Moving into a new office in Gurgaon for Edzy feels like a small but important step. For a company at an early stage, the space is less about walls and desks and more about creating an environment where work can happen consistently. Location matters for accessibility and daily commute, but equally important is the sense of belonging that comes with a shared workplace. After months of remote calls and scattered interactions, having a physical base provides both structure and accountability. The decision is as much about signaling seriousness to ourselves as it is about preparing for growth.
Hiring continues to be a slow and deliberate process. It often feels tempting to speed things up, but early hires shape the culture for years to come. Skills on paper are easy to check, but the real fit shows in how a person approaches problems, collaborates under pressure, and communicates with the team. Conversations with candidates take time, and references sometimes add clarity that resumes do not. In an early stage company, each person joining is not just filling a role but building a foundation. Misalignment at this stage can cost far more than delayed progress.

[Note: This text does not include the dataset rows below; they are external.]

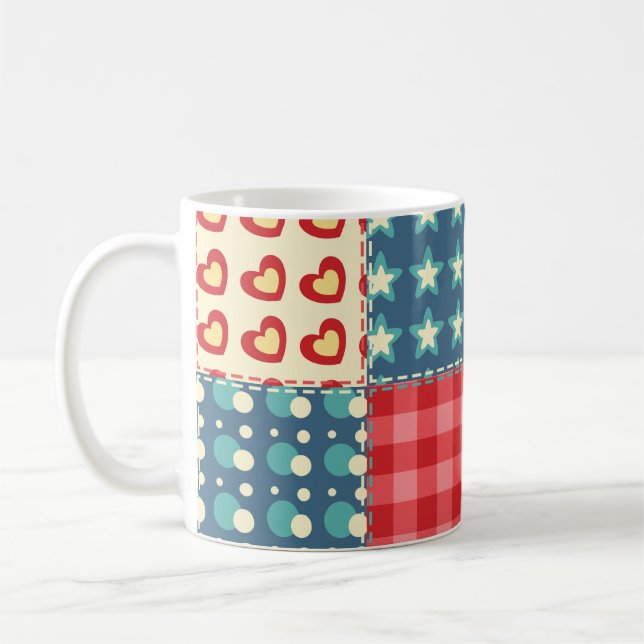 Vintage-Quilt: Patchwork-Hintergrundmuster. Kaffeetasse (Links)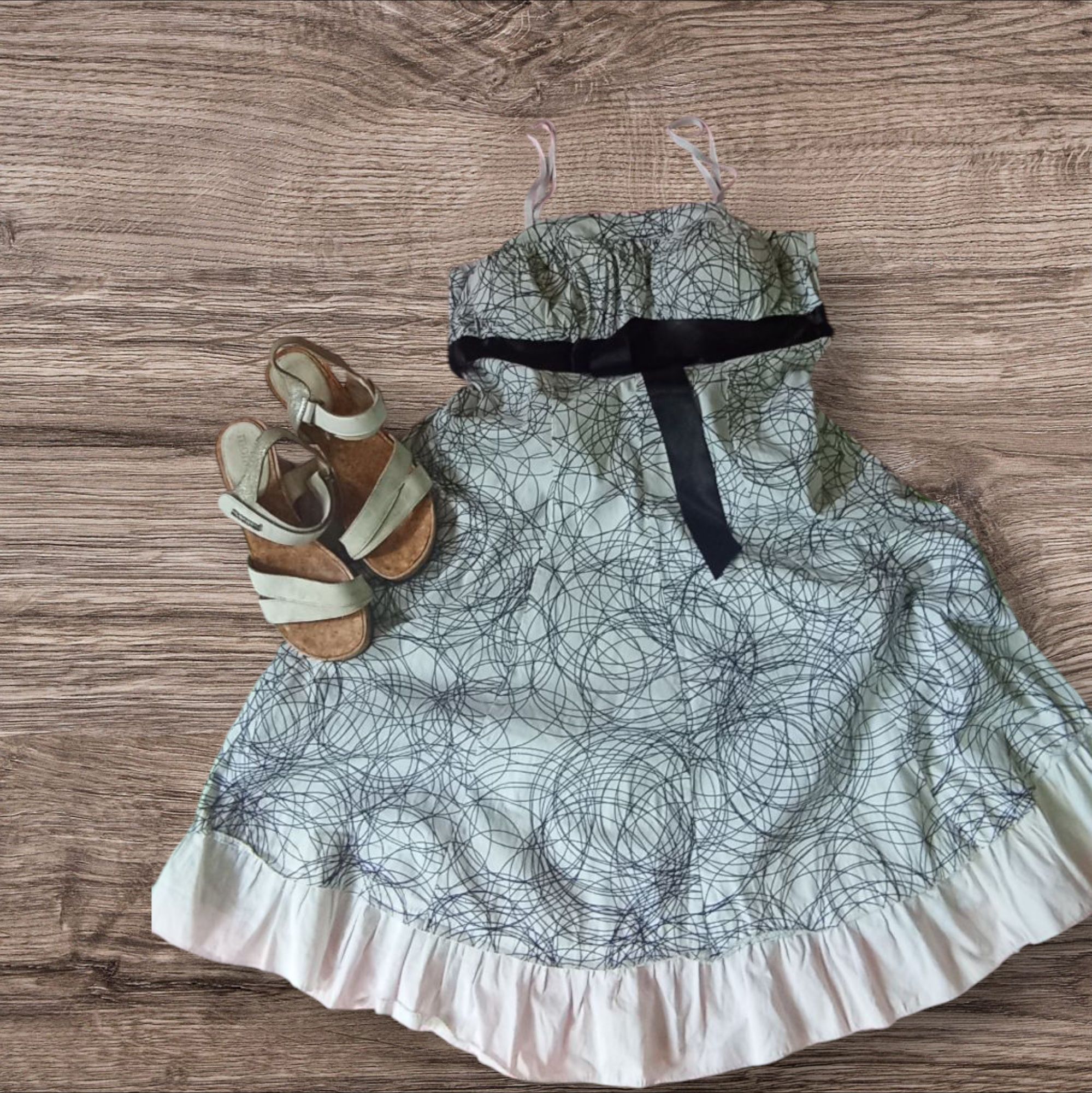 Letnia stylowa sukienka elegancka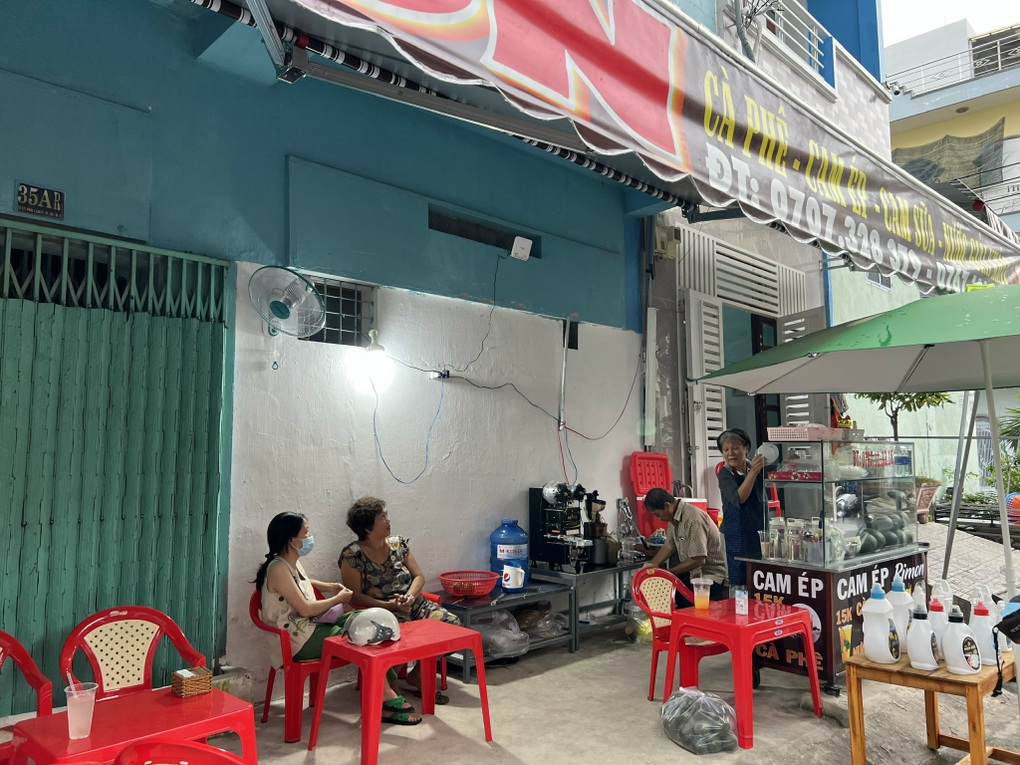 Cuộc sống mới cùng ông bà ngoại của 3 bé không cha, mất mẹ vì Covid-19 - 4 Cuộc sống mới cùng ông bà ngoại của 3 bé không cha, mất mẹ vì Covid-19 - 4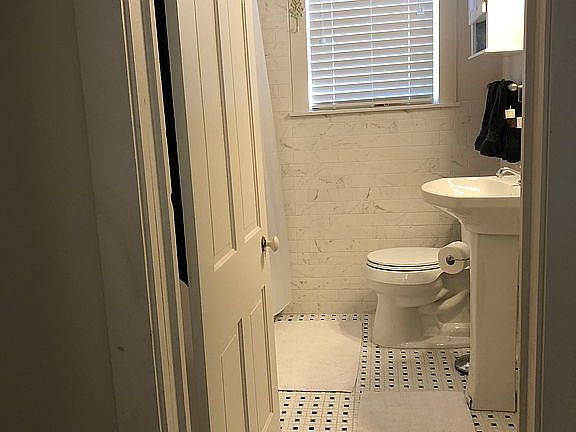 3rd image of 331 S Academy Ave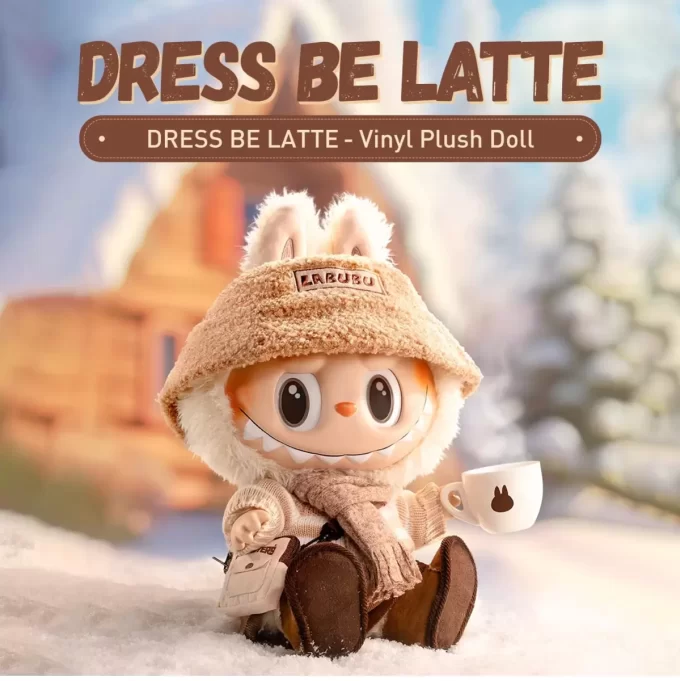 DIE MONSTER – DRESS BE LATTE Vinyl-Plüschpuppe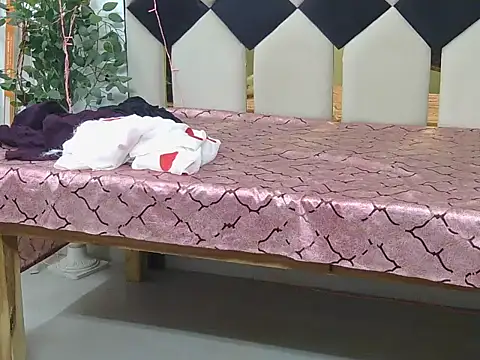 Its-ishikaa online show from November 1, 2025, 2:57 am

The office itself helps in this effort because face-to-face interactions make cultural fit visible faster. A person’s working style, their response to ambiguity, and how they handle feedback become clearer when observed over shared workdays. For Edzy, this is crucial because the problems we are solving do not have ready-made solutions. Everyone needs to be comfortable with uncertainty while still keeping execution steady. The office is where ideas get tested in real time, and where the team learns to handle both successes and setbacks. It is the testing ground for resilience and patience.

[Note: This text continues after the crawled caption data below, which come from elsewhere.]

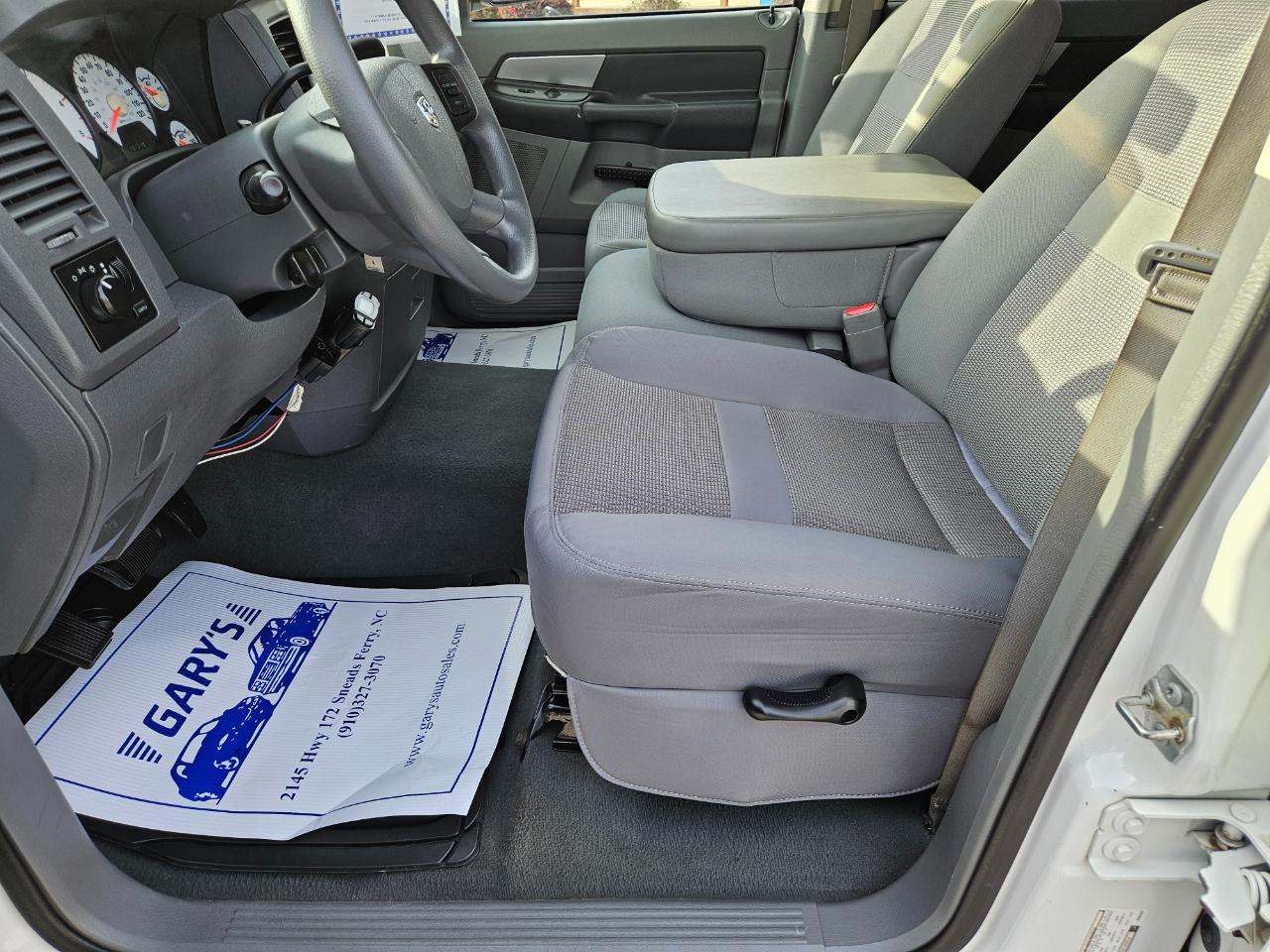 Dodge Ram 2500 4WD Mega Cab 160.5" SXT 2009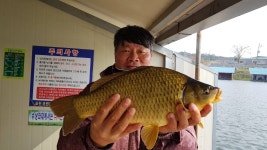 초원낚시터 유료낚시터 > ****4월23일조황소식**** : 낚시사랑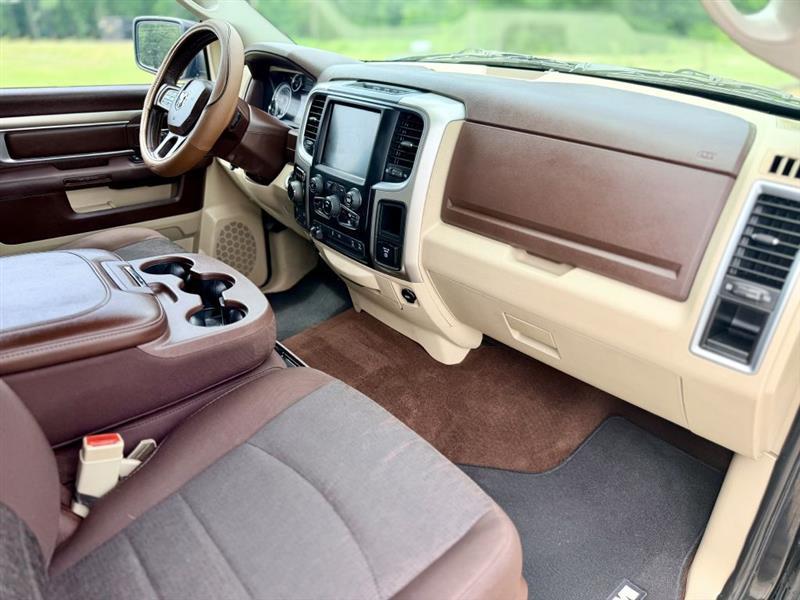 RAM 1500 SLT Crew Cab SWB 4WD 2015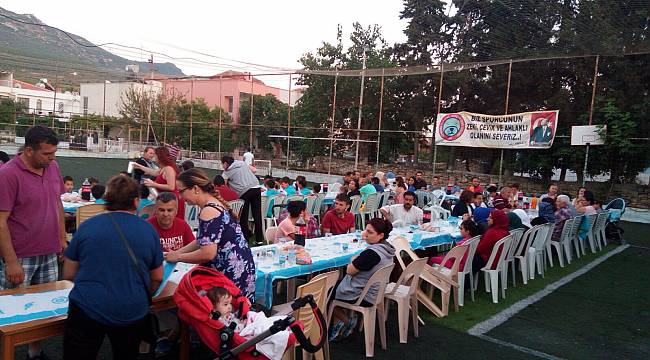 Yenifoça Gençlik Spor Kulübü, İftar Yemeği'nde Yenifoça'lılar ile bir araya geldi.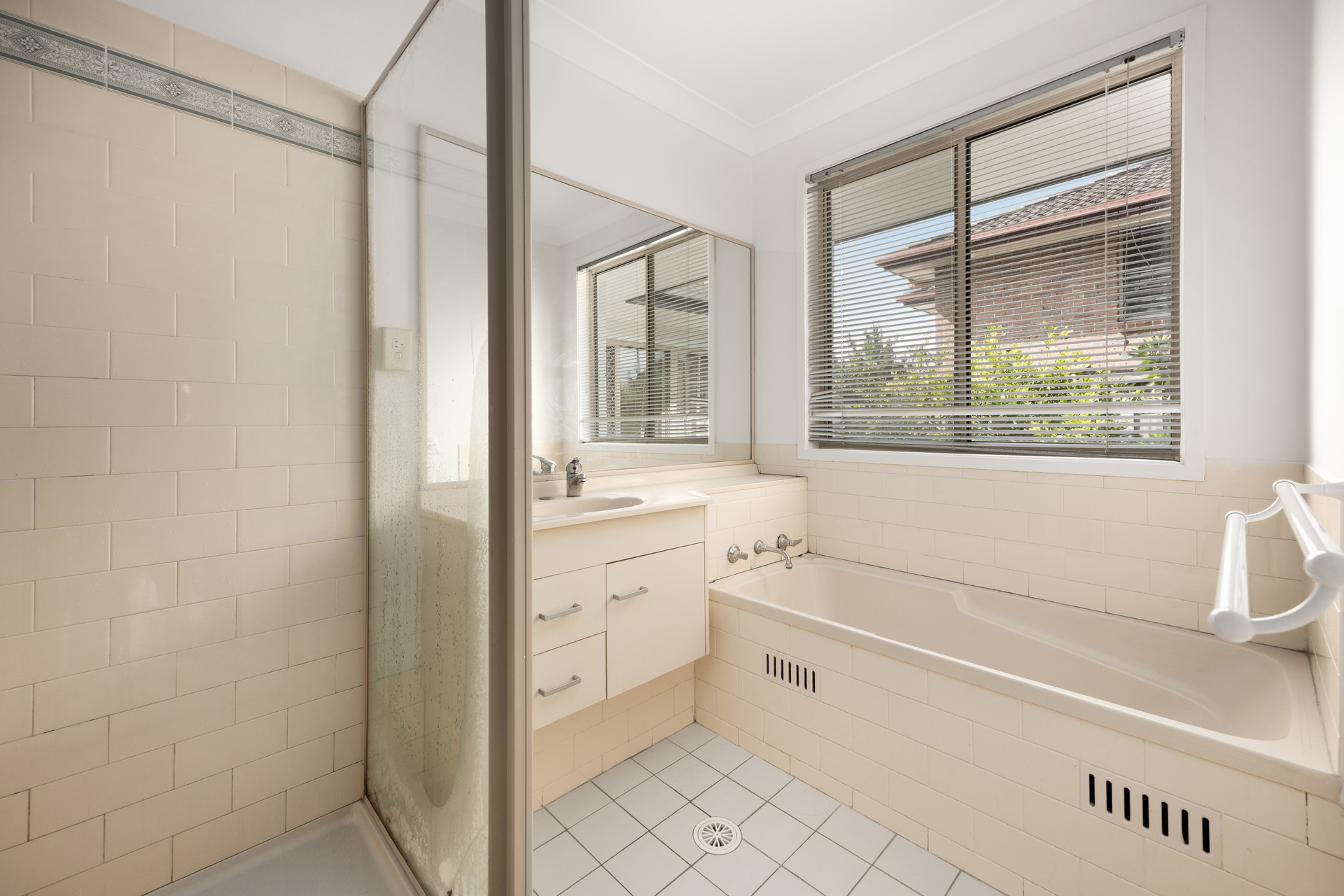 4-bedroom house at 26 Victor Road, Brookvale, NSW 2100, Northern Beaches, New South Wales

Building a team in Gurgaon also connects us with a wider talent pool. The city offers a mix of young professionals and experienced people who have worked in larger organizations. For a startup, striking the right balance between fresh energy and seasoned judgment matters. Some roles demand quick learning and adaptability, while others benefit from prior exposure to scale and structure. The hiring decisions need to reflect this mix without tilting too far in either direction. The goal is to find people who understand that they are not just employees but partners in creating something new.

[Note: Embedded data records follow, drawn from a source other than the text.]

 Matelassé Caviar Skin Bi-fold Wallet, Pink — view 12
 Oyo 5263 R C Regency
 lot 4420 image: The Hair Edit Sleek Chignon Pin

As the office takes shape and the team slowly builds, the reality of early stage growth becomes more visible. Progress feels uneven, with stretches of waiting followed by sudden leaps. Setting up a workplace is simple compared to setting up the right team. Tools, furniture, and internet connections can be arranged in days, but trust and culture take months to establish. The process demands patience, careful judgment, and the willingness to accept that not every decision will be perfect. Yet, it is in these choices that the long-term direction of Edzy is being set, one hire and one conversation at a time.